NoSQL Movement?

Xah Lee xahlee at gmail.com
Mon Mar 8 10:12:05 EST 2010


many people mentioned scalibility... though i think it is fruitful to
talk about at what size is the NoSQL databases offer better
scalability than SQL databases.

For example, consider, if you are within world's top 100th user of
database in terms of database size, such as Google, then it may be
that the off-the-shelf tools may be limiting. But how many users
really have such massive size of data?

note that google's need for database today isn't just a seach engine.
It's db size for google search is probably larger than all the rest of
search engine company's sizes combined. Plus, there's youtube (vid
hosting), gmail, google code (source code hosting), google blog, orkut
(social networking), picasa (photo hosting), etc, each are all ranked
within top 5 or so with respective competitors in terms of number of
accounts... so, google's datasize is probably number one among the
world's user of databases, probably double or triple than the second
user with the most large datasize.

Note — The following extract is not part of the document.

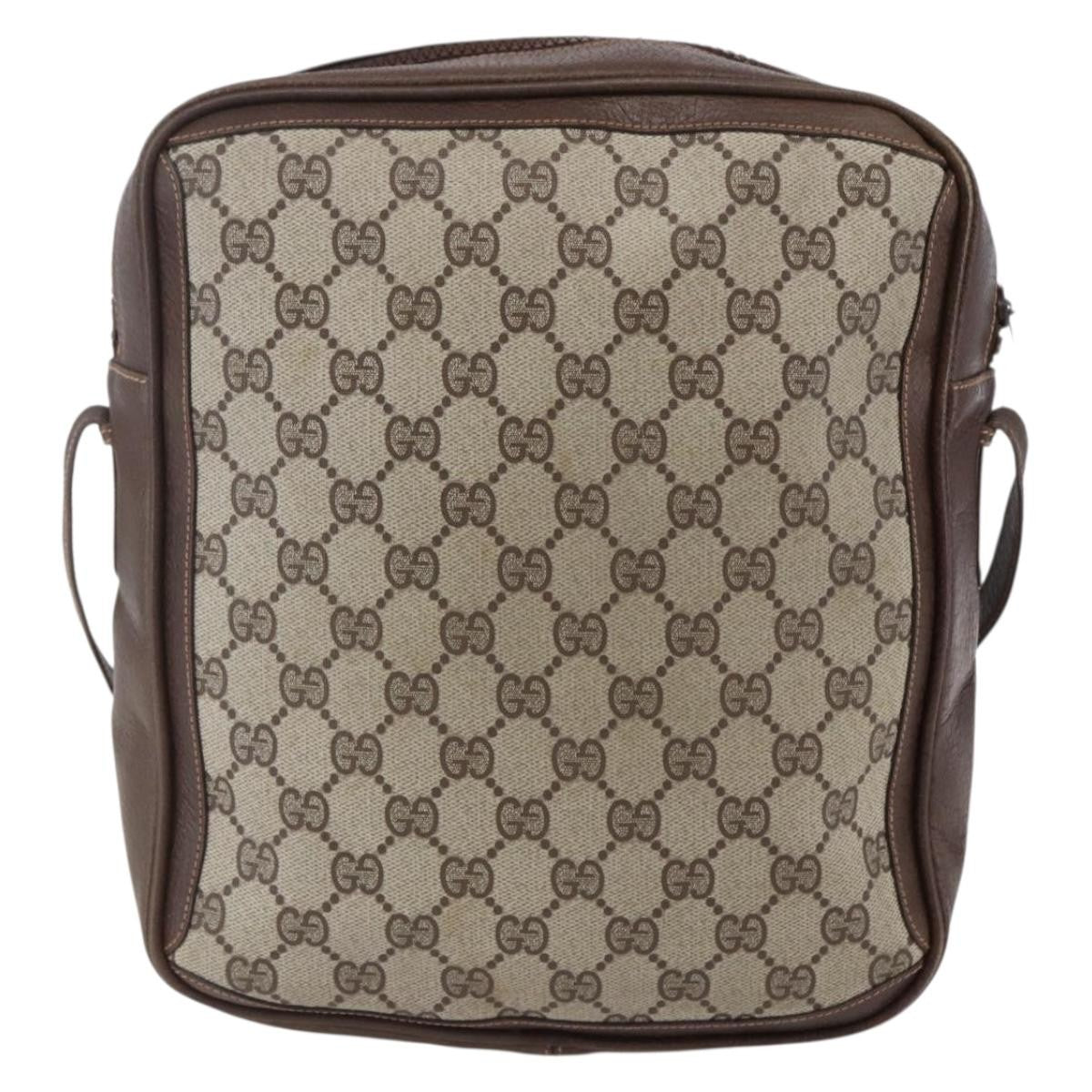 Gucci Front Pocket Messenger Bag GG Canvas with Leather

At that point, it seems logical
that they need their own db, relational or not.

  Xah
∑ http://xahlee.org/

☄

On Mar 4, 10:35 pm, John Nagle <na... at animats.com> wrote:
> Xah Lee wrote:
> > recently i wrote a blog article on The NoSQL Movement
> > athttp://xahlee.org/comp/nosql.html
>
> > i'd like to post it somewhere public to solicit opinions, but in the
> > 20 min or so, i couldn't find a proper newsgroup, nor private list
> > that my somewhat anti-NoSQL Movement article is fitting.
>
>     Too much rant, not enough information.
>
>     There is an argument against using full relational databases for
> some large-scale applications, ones where the database is spread over
> many machines.  If the database can be organized so that each transaction
> only needs to talk to one database machine, the locking problems become
> much simpler.  That's what BigTable is really about.
>
>     For many web applications, each user has more or less their own data,
> and most database activity is related to a single user.  Such
> applications can easily be scaled up with a system that doesn't
> have inter-user links.  There can still be inter-user references,
> but without a consistency guarantee.  They may lead to dead data,
> like Unix/Linux symbolic links.  This is a mechanism adequate
> for most "social networking" sites.
>
>     There are also some "consistent-eventually" systems, where a query
> can see old data.  For non-critical applications, those can be
> very useful.  This isn't a SQL/NoSQL thing; MySQL asynchronous
> replication is a "consistent-eventually" system.  Wikipedia uses
> that for the "special" pages which require database lookups.
>
>     If you allow general joins across any tables, you have to have all
> the very elaborate interlocking mechanisms of a distributed database.
> The serious database systems (MySQL Cluster and Oracle, for example)
> do offer that, but there are usually
> substantial complexity penalties, and the databases have to be carefully
> organized to avoid excessive cross-machine locking.  If you don't need
> general joins, a system which doesn't support them is far simpler.